O funcionamento de rádio comunitária, educativa e sem fins lucrativos é dado como clandestino enquanto não for concluído processo de outorga de concessão pelo Poder Executivo. Esse foi entendimento da 5ª Turma Especializada do Tribunal Regional Federal da 2ª Região ao negar pedido para anulação de auto de infração emitido pela Agência Nacional de Telecomunicações (Anatel) contra uma rádio fluminense. A decisão foi unânime.

O pedido foi feito pela Fundação Cultural e Social Dídimo Ribeiro Gomes em Mandado de Segurança contra sentença de primeiro grau da Justiça Federal do Rio de Janeiro. A rádio comunitária foi autuada pela Anatel por atividade clandestina. A Agência determinou também a retenção dos aparelhos de radiofonia.

A fundação que mantém a rádio, sediada em Campos dos Goytacazes, norte do estado do Rio de Janeiro, entrou com pedido de Mandado de Segurança na 9ª Vara Federal do Rio de Janeiro, contestando o ato da Anatel. Em defesa da rádio, a fundação alegou que o veículo “se encontra amparado por parecer do Ministério das Comunicações”, funcionando legalmente. O pedido foi negado.

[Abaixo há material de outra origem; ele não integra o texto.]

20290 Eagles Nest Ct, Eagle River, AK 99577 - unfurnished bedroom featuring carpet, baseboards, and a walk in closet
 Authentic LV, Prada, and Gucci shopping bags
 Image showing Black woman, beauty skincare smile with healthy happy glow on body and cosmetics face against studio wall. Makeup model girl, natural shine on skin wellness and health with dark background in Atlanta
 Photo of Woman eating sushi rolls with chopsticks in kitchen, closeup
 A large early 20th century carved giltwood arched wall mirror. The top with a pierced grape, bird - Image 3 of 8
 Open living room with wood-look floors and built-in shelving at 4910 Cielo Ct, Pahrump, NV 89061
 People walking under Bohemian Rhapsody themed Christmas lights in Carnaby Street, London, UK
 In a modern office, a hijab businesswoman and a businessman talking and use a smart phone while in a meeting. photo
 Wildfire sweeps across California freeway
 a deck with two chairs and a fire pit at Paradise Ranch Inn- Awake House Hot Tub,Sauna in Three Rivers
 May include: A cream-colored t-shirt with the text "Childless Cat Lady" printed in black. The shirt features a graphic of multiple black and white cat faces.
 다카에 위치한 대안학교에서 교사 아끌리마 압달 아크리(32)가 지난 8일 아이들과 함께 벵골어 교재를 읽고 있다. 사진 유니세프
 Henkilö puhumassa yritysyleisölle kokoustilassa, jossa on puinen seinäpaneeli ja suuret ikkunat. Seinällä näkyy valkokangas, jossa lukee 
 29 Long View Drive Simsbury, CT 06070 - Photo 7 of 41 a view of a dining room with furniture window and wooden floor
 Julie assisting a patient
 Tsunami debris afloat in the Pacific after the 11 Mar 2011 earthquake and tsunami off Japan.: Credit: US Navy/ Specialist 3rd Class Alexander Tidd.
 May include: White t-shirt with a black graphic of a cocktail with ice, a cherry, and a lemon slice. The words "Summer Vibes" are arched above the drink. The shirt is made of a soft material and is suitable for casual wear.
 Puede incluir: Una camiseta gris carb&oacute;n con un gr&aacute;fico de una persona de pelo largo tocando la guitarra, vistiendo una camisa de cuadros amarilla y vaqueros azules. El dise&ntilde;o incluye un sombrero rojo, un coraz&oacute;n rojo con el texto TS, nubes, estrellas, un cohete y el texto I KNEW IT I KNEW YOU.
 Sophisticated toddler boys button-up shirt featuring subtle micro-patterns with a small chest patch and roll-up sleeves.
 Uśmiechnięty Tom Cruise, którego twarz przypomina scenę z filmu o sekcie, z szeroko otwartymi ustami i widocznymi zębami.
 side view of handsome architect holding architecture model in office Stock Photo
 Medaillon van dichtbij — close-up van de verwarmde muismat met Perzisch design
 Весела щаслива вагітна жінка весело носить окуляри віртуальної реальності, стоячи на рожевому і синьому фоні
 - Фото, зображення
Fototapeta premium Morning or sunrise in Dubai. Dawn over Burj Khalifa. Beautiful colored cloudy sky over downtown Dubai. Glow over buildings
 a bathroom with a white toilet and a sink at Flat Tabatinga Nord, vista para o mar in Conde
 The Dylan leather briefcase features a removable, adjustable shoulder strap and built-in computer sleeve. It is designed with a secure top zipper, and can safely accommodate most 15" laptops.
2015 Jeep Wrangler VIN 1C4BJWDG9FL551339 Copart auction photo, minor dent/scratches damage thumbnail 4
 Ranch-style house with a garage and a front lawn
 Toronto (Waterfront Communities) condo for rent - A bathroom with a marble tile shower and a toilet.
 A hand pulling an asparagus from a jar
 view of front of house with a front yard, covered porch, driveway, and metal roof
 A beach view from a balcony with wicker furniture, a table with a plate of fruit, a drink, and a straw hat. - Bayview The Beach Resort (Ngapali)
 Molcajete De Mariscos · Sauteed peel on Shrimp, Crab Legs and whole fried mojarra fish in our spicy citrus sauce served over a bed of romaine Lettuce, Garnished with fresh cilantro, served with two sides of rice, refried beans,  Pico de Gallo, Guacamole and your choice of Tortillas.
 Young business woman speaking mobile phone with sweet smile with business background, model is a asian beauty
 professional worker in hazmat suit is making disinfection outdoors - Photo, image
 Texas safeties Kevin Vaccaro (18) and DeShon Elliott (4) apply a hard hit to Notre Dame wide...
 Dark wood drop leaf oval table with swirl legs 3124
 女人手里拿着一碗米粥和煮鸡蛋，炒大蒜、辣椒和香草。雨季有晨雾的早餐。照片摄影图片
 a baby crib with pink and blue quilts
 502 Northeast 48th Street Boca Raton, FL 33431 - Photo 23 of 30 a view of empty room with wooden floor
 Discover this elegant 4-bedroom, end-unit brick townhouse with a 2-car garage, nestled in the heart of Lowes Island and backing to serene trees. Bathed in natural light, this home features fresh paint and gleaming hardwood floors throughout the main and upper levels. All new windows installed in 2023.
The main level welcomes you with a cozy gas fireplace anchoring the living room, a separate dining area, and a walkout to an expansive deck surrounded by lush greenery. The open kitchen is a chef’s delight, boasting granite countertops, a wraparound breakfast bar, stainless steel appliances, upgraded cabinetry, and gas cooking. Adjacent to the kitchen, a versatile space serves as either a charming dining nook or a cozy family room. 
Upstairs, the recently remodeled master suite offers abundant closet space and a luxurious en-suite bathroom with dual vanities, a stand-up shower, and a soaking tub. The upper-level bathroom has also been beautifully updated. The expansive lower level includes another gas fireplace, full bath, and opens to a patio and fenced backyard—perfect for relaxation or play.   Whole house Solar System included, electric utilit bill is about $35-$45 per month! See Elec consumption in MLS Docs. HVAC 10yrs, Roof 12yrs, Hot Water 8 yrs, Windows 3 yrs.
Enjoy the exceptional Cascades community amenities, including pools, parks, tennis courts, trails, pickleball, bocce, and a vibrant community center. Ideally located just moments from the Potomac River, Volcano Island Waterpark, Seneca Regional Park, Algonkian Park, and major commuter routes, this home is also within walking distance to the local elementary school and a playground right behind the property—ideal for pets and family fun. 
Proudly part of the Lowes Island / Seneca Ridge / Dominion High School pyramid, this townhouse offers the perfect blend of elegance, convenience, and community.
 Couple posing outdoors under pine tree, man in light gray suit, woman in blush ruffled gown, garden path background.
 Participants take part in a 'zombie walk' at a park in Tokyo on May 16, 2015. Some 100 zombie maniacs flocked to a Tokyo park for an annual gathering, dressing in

A rádio recorreu, mas o TRF-2 decidiu que a rádio comunitária não tem licença para funcionar. De acordo com o relator do caso, desembargador federal Antônio Cruz Netto, “não configura direito adquirido a simples emissão de parecer favorável por órgão do Ministério das Comunicações”. O relator esclareceu que o Ministério não tem poder para vincular a decisão final do Congresso Nacional. O pedido de outorga de concessão, portanto, será analisado definitivamente naquela casa.